Diz um comentarista:
“Eu imagino que o Sr. Evans seja uma pessoa sincera e decente. Contudo, tenho certeza que sua lealdade está, acima de tudo, com a Igreja Mórmon. Apenas isso o torna inadequado para servir no conselho da Afirmação, na minha opinião. Acho que é normal que membros do conselho sejam ativos na Igreja, porém suas lealdades devem estar, acima de tudo, com a comunidade LGBT.”
E ainda:
“A Afirmação quer que pessoas que foram abusadas pela igreja simplesmente desencanem, abaixem a cabeça, e desapareçam entre a multidão SUD. Já que as pessoas não estão indo à igreja, os líderes estão trazendo a igreja a elas… bondade deles.”
E ainda:
“Estou me sentindo melhor hoje, mas decidi que pra mim basta. Eu vou pedir resignação do comitê [de voluntário na Afirmação] até o fim da semana. (…) Eu não quero ter mais nada a ver com a Afirmação. Eles estão mais preocupados com reunificar-se com a igreja. (…) Pra mim chega. Não quero continuar a me associar com uma organização que contribui para a instabilidade mental e a bagagem emocional de pessoas gays.

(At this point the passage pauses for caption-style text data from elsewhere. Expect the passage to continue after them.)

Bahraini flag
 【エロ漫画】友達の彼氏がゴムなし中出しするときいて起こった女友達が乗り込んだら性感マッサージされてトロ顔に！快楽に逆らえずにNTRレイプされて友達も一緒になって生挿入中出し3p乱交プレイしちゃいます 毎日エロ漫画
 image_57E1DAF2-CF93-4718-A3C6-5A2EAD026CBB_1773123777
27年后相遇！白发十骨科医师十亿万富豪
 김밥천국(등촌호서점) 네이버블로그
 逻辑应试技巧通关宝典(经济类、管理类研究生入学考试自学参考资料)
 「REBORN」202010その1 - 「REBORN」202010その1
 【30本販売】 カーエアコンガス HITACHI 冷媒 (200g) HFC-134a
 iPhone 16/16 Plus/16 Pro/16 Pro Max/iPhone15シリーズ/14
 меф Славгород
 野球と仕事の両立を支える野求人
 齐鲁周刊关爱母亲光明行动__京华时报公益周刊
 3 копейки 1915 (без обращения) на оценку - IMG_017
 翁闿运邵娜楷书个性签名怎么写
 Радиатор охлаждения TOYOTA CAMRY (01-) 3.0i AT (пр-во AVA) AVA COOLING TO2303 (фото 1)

Com o chamado de Bill Evans para o Conselho, não há mais dúvidas qual organização está no controle da Afirmação.”
E ainda:
“As vítimas de abuso psicológico que são incapazes de escapar do abusador.”
A Afirmação foi fundada em 1977 e por décadas serviu como o maior grupo de apoio a mórmons e ex-mórmons dentro da comunidade LGBT, oferecendo suporte psicológico, voluntarismo e atenção a potenciais suicidas, apoio durante a crise de AIDS, ativismo público e críticas à discriminação institucional praticada pela Igreja SUD e pelo estado de Utah e contra práticas de tortura física e psicológica comuns na universidade mórmon BYU.
Infelizmente, parece haver uma tendência a evasão e esvaziamento nos róis da Afirmação na última década, e em especial nos últimos anos, devido à percepção de mudança em foco de cuidar da comunidade para acomodar-se à liderança da Igreja SUD. Certamente dialogar com a Igreja é um progresso, considerando que antes de 2009 a liderança da Igreja peremptoriamente recusava-se a reconhecer a existência da Afirmação ou de outros grupos de gays mórmons. E é inegável que esse diálogo gerou alguns frutos positivos. Contudo, não se pode ignorar os testemunhos dos ativistas in loco e da marcada piora nas relações nesse último ano. Apenas o tempo dirá quanto e a quem será benéfico a inclusão de um lobista da Igreja no conselha da maior ONG de e para mórmons LGBT.
O que você acha? Será uma influência positiva para aumentar o diálogo entre a comunidade LGBT e a Igreja SUD? Ou será apenas mais um mecanismo de controle e repressão institucional sobre uma outrora independente e autodeterminada comunidade?